Curious questions, small bugs, big answers
- Author
- Staff
- Date
- August 10, 2021
We often get great questions about insects during our programs based on their observations of these small creatures. We took the chance to ask Allen, our entomologist, to answer some frequently asked questions about insect bodies.
Do insects have blood?
In a sense they do, but it is quite different from human blood. Insects have an open circulatory system, which means their “blood” does not flow through vessels like veins and arteries. Their body cavities are filled with a fluid called hemolymph which is moved through the body by contracting their muscles and through the dorsal vessel along their backs which functions like a heart. Hemolymph, like blood, plays a role in storing and transporting nutrients, hormones, and immune system cells throughout the body. Unlike blood, hemolymph does not contain red blood cells or oxygen carrying hemoglobin. Instead, insects breathe through a set of branching tubes called tracheae. The tracheae open to the outside at pores along the sides of an insect known as spiracles and branch out to reach every cell within the body.

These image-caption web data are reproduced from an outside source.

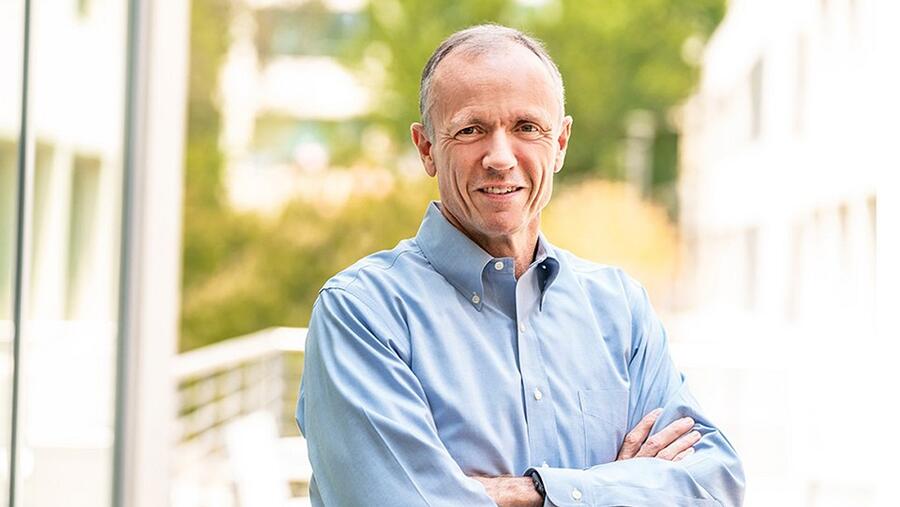 في إم وير تبلغ آفاقا جديدة في الشبكات السحابية الافتراضية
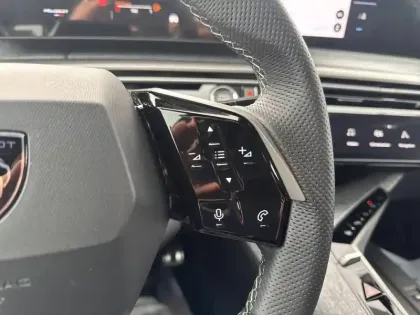 Photo 18 Peugeot 3008  Hybrid 145 e-DCS6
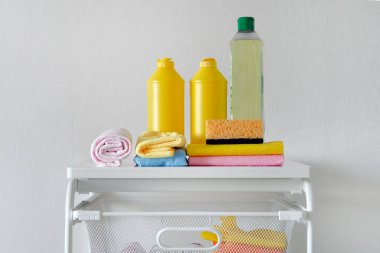 Oda temizliği için deterjan. Kuru Temizleme kavramı. Temizleme Aracısı ve mikro fiber bez mendil ile plastik şişe. Temizleme işi.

If insects don’t have a skeleton how do they move?
To answer this question, we need to first clarify that insects do have a skeleton. They do not have an internal skeleton like we do, known as an endoskeleton. Rather, the outside of their bodies is their skeleton, an exoskeleton. Insect cuticle contains chitin, long chains of glucose molecules which when crosslinked provide rigidity allowing it to function as an exoskeleton. It turns out that insect exoskeletons play a similar role in movement as our endoskeletons do. Both kinds of skeletons have ridges or other structures for muscles to attach to. Insects move by contracting opposing muscles attached to their skeletons just like we do, the difference being the muscles are attached on the inside of their skeletons rather than the outside.

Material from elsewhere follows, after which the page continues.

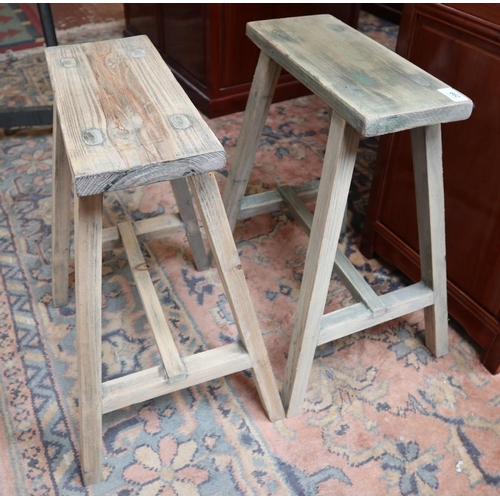 299 - Pair of stools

How many wings can an insect have?
Insects can have up to two pairs of wings, so four in total. Not all insects have wings and those that do only have them in their final adult life stage, except for mayflies which have two adult stages. Knowing that, notice any inaccuracies with the “Baby Bumble Bee” song? A baby bumble bee does not have a stinger or wings, they are just little white grubs! Some groups of insects never have wings, even as adults, like silverfish and fleas. Others have almost all winged adults like dragonflies, grasshoppers, butterflies, bees. In some groups wingless adults are more common like in cockroaches, crickets, wasps, moths, and even flies. Some insects have a modified pair of wings. Beetle forewings are modified into hard shells called elytra. Flies appear to only have one pair of wings because their hindwings are reduced to little nubs called halteres which aid in balance. The scientific name for the group flies belong to is Diptera which translates to “two wings”.